А когда правой делал – прореха не зияла почему-то. Может, в этом явлении проявлялся какой-то закон природы, но не исключено, что парень специально так сконструировал прореху – для эффекта.

Так что и в мыслях держать нечего – будто мальчик Коля присвоил чужую песню. Его она, первая сочиненная им, и он побежал с нею к Верещагину – хвастаться и петь.

193

Дядя Валя пулей вылетает из избы. «Стой!» – кричит парнишке, с мотоциклом тот, каждую ночь – паскуда! – будит дядю Валю своим дурацким драндулетом, но сейчас в нужный момент подвернулся. «К мосту! – кричит ему, на багажник вскакивая.- Потом на шоссе! Быстрей!» Фрр-дрр-вжик! – срывается с места мотоцикл-драндулет, мчится, рассекая медлительный воздух, у парня-паскуды рот до ушей, обожает, хулиган, скорость, любит, бездельник, когда погоняют. Дядя Валя, раскорячившись, в багажник тощий зад вжимает, пожирает мотоцикл пространство, проглатывает, как фокусник шпагу, узкое лезвие дороги – вот вдали тоненькая Тинина фигурка возникла,- былинка на асфальте… Поравнялись!
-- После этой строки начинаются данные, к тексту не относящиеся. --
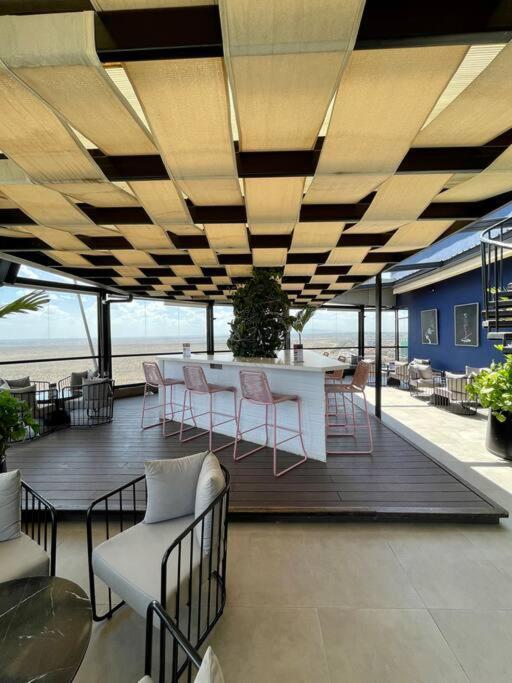 Apartmán A Scenic Escape Within Nairobi Exteriér fotografie
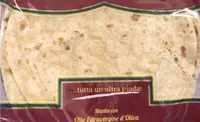 Piadine
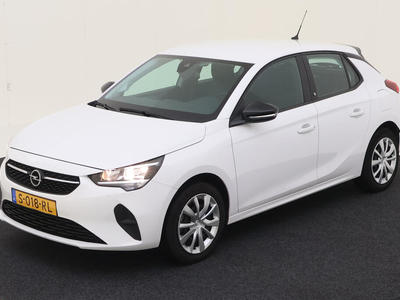 Opel Corsa- e LEVEL 2 BEV 50KWH 136PK, 2023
«Ну, племянница, ну! – говорит дядя Валя тяжело дыша, будто весь путь бегом пробежал,- локоть Тины у него в кулаке уже.- Ах ты, девка! Деньги нашла, сбежала, я тебя в чулан запру, вон как далеко зашло, совсем голову потеряла, в сортир не выпущу, парашу в чулан поставлю, ведро эмалированное, Нюрка купила, его и поставлю…»

194

«Я – пьян,- говорит себе именно в этот момент Верещагин.- Но не так, как все. А иначе. Я – все иначе. Я пойду по улицам, шатаясь из стороны в сторону и распевая первую Колину песню, но, если милиционер захочет отвезти меня в вытрезвитель, я дохну ему в лицо, и он удивленно поднимет свои милицейские брови к козырьку своей милицейской фуражки; какое у вас чистое дыхание, скажет он,- как в лесу на поляне, где растут фиалки, очень похоже. Фиалки не растут на полянах, возражу я ему, они предпочитают заросли, они благоухают в тени. Но вы шатаетесь, скажет милиционер, и глаза у вас разудалые, и рот в хмельной улыбке, я уже не говорю про речь – она странна, но вы не пьяный, почему? Ничего не отвечу я, уйду, оставив его печалиться над загадкой, человек над загадкой – всегда в печали, я всю жизнь в печали, пусть и он немного, пусть вечером скажет жене: я встретил шатающегося человека, он распевал странную песню, но дыхание имел благоуханное, как лесная темная чаща, изобилующая фиалками. Он выглядел как человек, которому прямая дорога в вытрезвитель, но я не посмел отвезти его туда и теперь в печали».